▶ _Problem to work on_
Look below for the line that contains "Happy Halloween Large", and write out exactly that line and all remaining lines of the listing, omitting pictures.

▶ _The records_
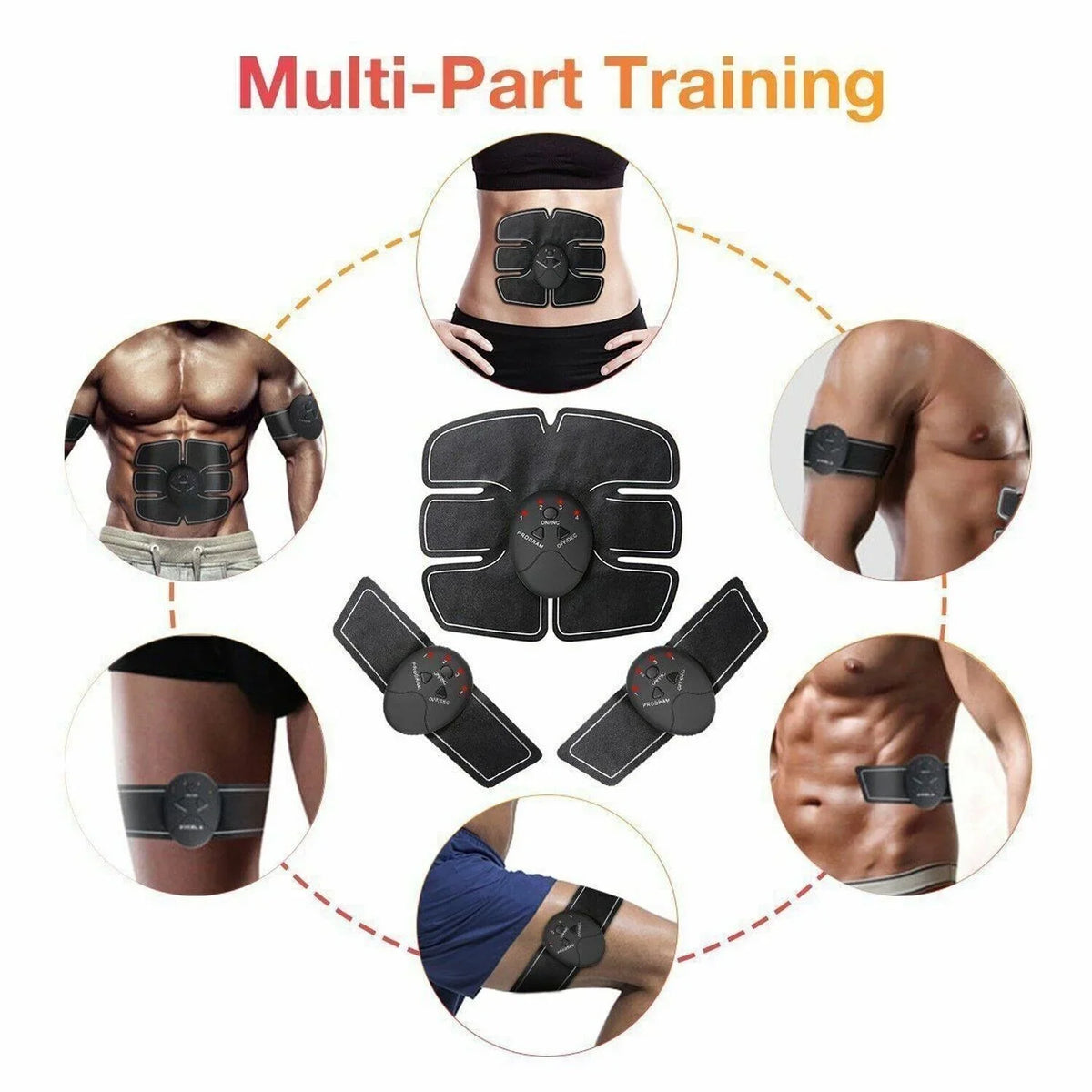 Electric Muscle Toner Fitness Binder Gym Machine ABS Toning Fat Burner Belt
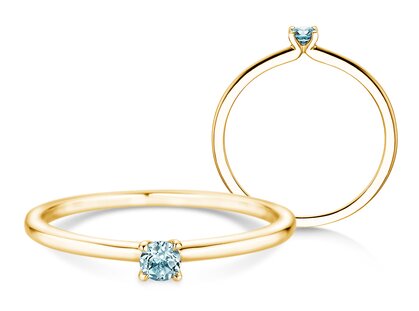 Birthstone ring Classic 4 March in 14K yellow gold with aquamarine 0.10ct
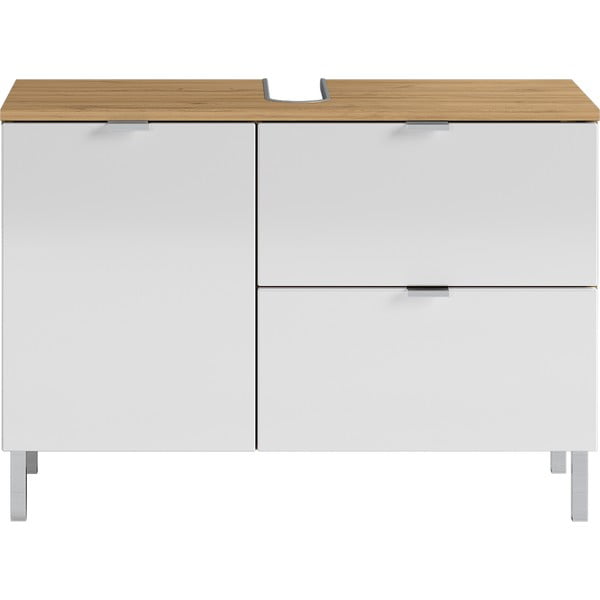 Mauresa fehér szekrény tölgyfa díszítéssel a mosdó alá, szélesség 80 cm - Germania-image-2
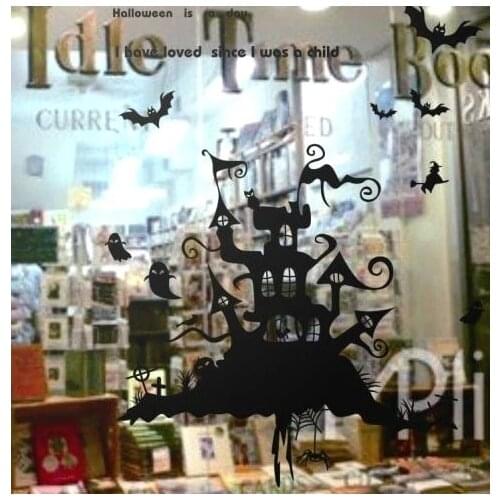 Happy Halloween Large Wall Stickers Castle Bat Ghost Cemetery Glass Decal Window Stickers Posters Vinyl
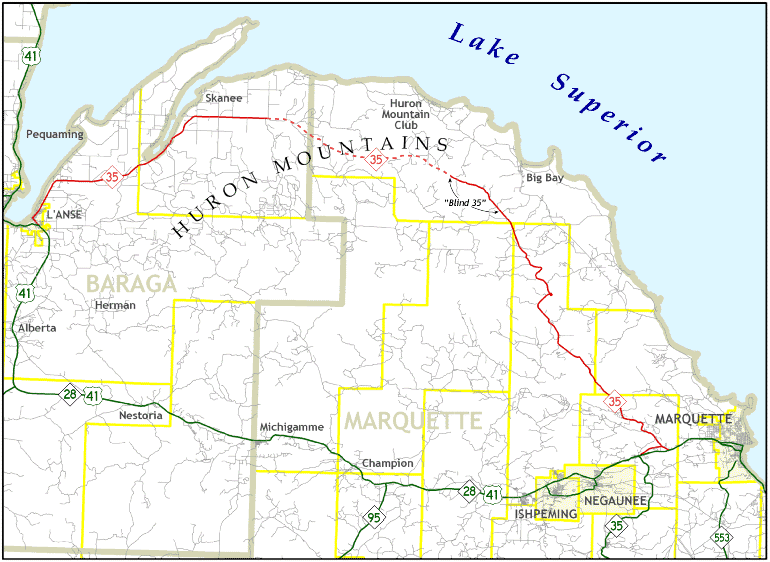 Mountains In Michigan Map Michigan Baraga County « Every County
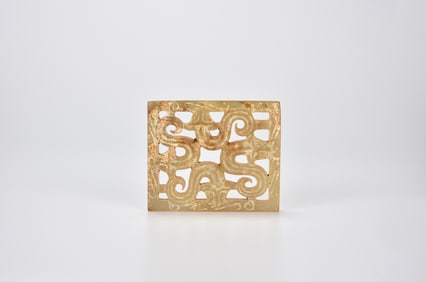 A Reticulated Jade Plaque with Four Dragons, Han Dynasty (206 BC – AD 220)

▶ _Result of the exercise_
 Happy Halloween Large Wall Stickers Castle Bat Ghost Cemetery Glass Decal Window Stickers Posters Vinyl
 Mountains In Michigan Map Michigan Baraga County « Every County
 A Reticulated Jade Plaque with Four Dragons, Han Dynasty (206 BC – AD 220)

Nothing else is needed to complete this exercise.